## [REQUIREMENT]
Up to and including the line that contains "a bedroom with", write out every line of the entries exactly, beginning with the first. Omit the pictures.

++++ DATA TO PROCESS

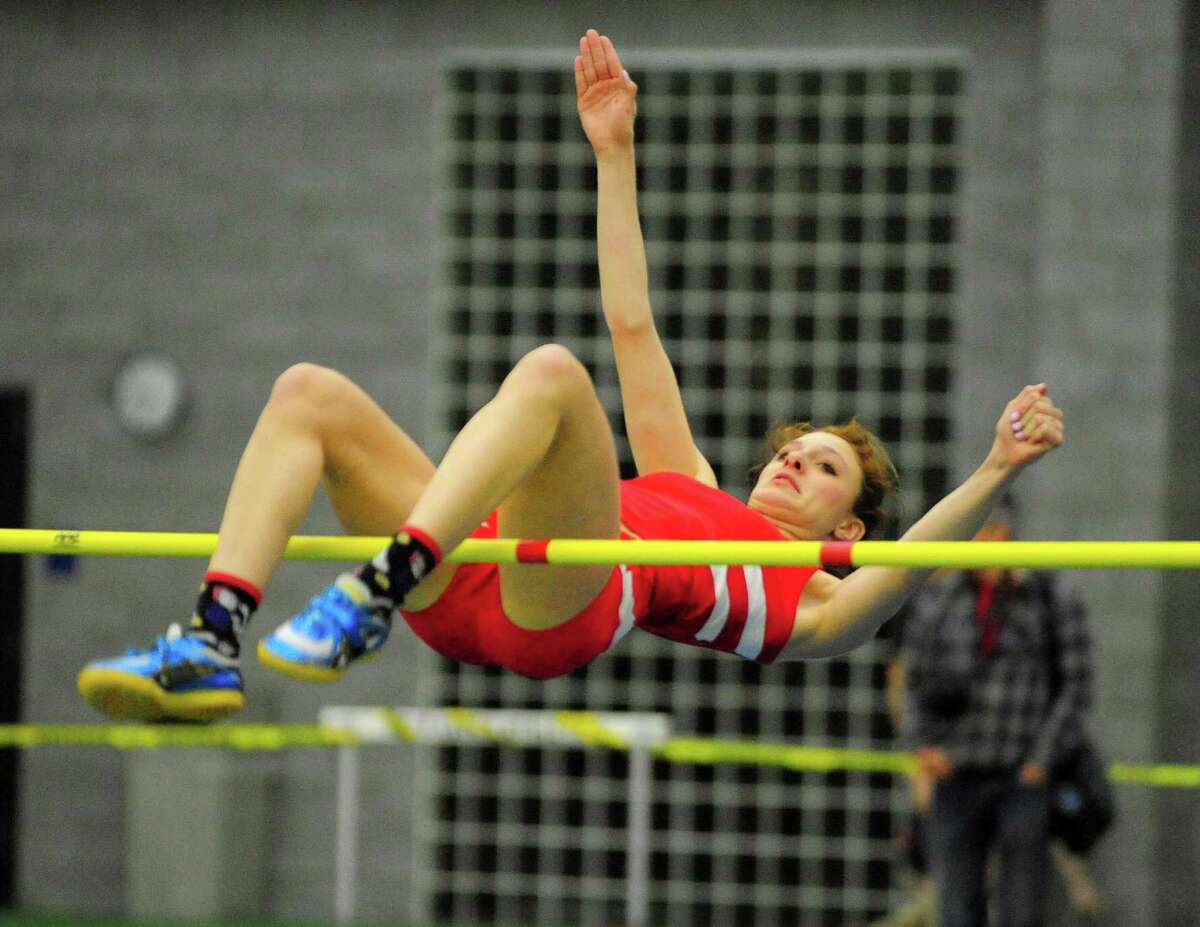 Greenwich's Olivia Dilascia clears 5'2" in the high jump event, during FCIAC track action in New Haven, Conn., on Thursday Feb. 2, 2017.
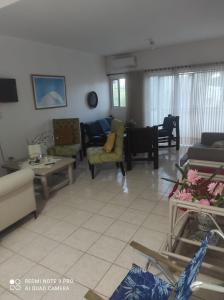a living room with couches and chairs at Sweet beach apartment in San Felipe de Puerto Plata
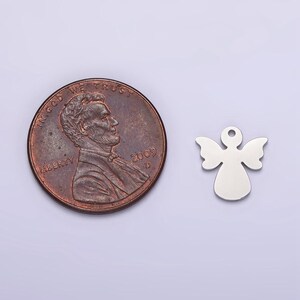 May include: A silver angel charm pendant, approximately the size of a US penny.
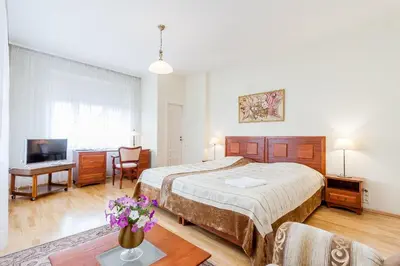 a bedroom with a bed and a desk and a tv at House Marija in Vilnius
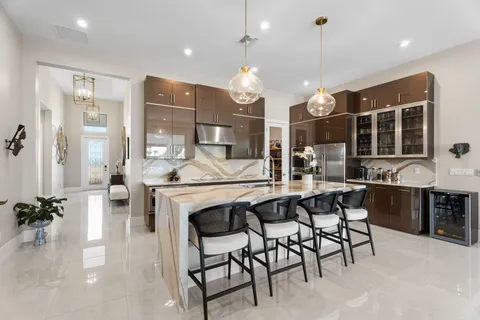a large kitchen with a table and chairs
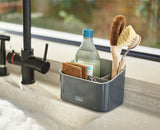 The caddy open, showing a washing-up liquid bottle, dish brush and sponges in their sections.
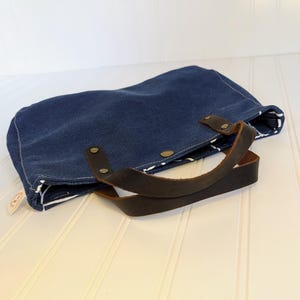 May include: A navy blue tote bag with brown leather handles and accents. The bag is made of a sturdy fabric and features a white and black patterned lining. The handles are attached with brass rivets.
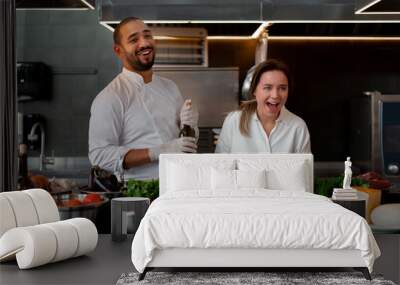 Handsome young African chef is cooking together with his Caucasian girlfriend in the kitchen using red wine as an ingredient. Wall mural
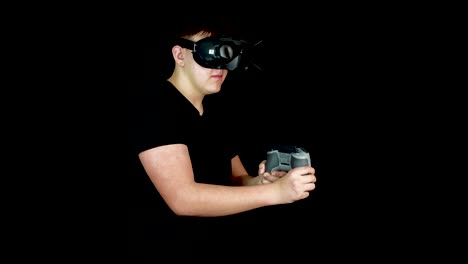 young man playing action video game in virtual reality, wearing vr goggles and holding controller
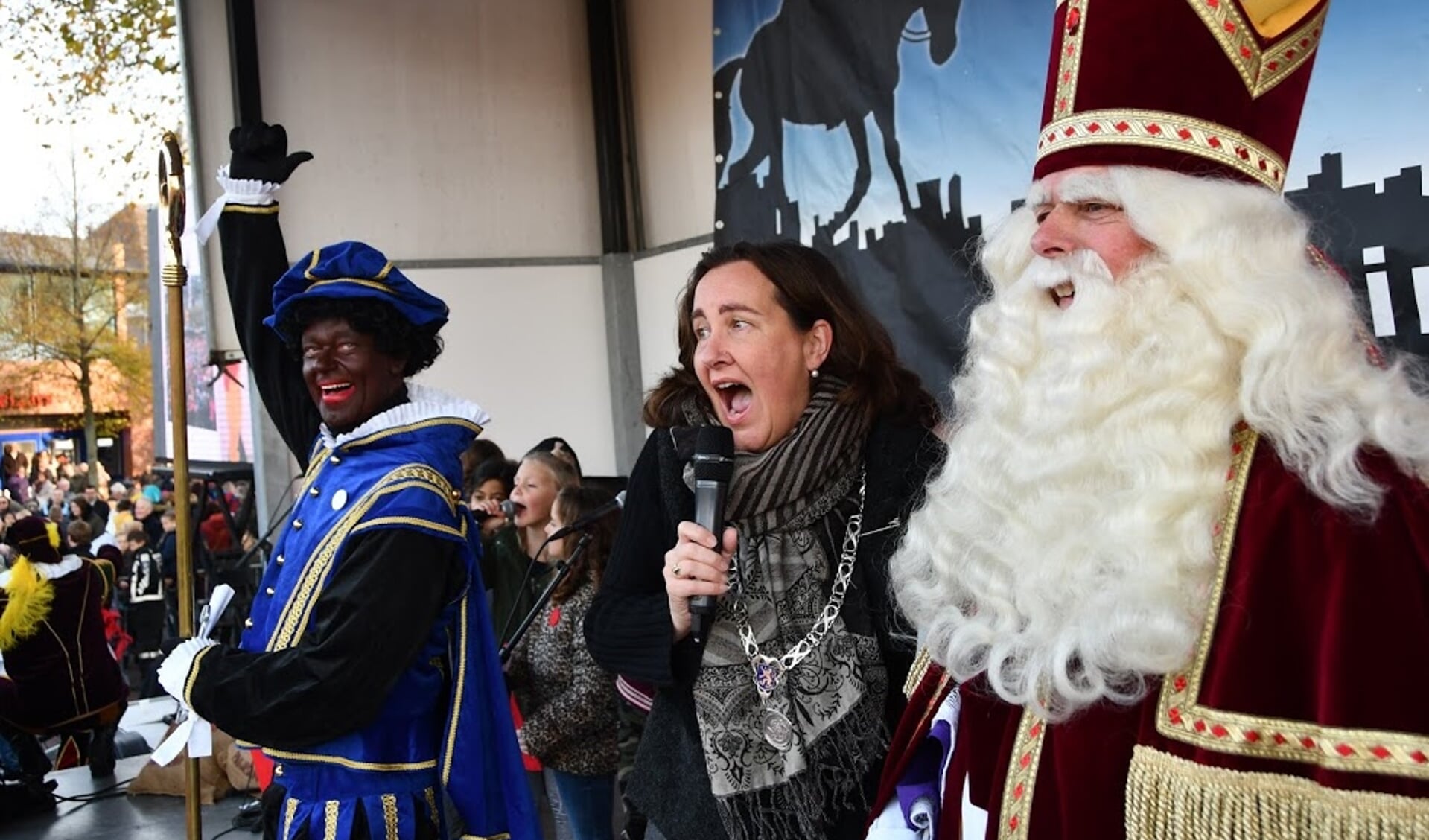 Burgemeester Baltus zingt enthousiast mee met het Heemskerks Sinterklaaslied. Piet zorgt voor een dansje terwijl de Sint aandachtig luistert.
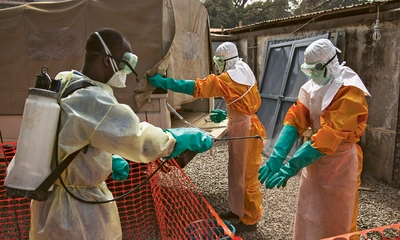 Ein Mitarbeiter des Roten Kreu­zes desinfiziert in Conakry die Handschuhe eines Kollegen mit einer Chlorlösung. Zwischen 2014 und 2016 gehörte Guinea zu den Ländern, die am stärksten vom Ebola-Ausbruch betroffen waren. Foto: UN Photo/Martine Perret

++++++++

## [SOLUTION FOR THIS EXERCISE]
 Greenwich's Olivia Dilascia clears 5'2" in the high jump event, during FCIAC track action in New Haven, Conn., on Thursday Feb. 2, 2017.
a living room with couches and chairs at Sweet beach apartment in San Felipe de Puerto Plata
 May include: A silver angel charm pendant, approximately the size of a US penny.
 a bedroom with a bed and a desk and a tv at House Marija in Vilnius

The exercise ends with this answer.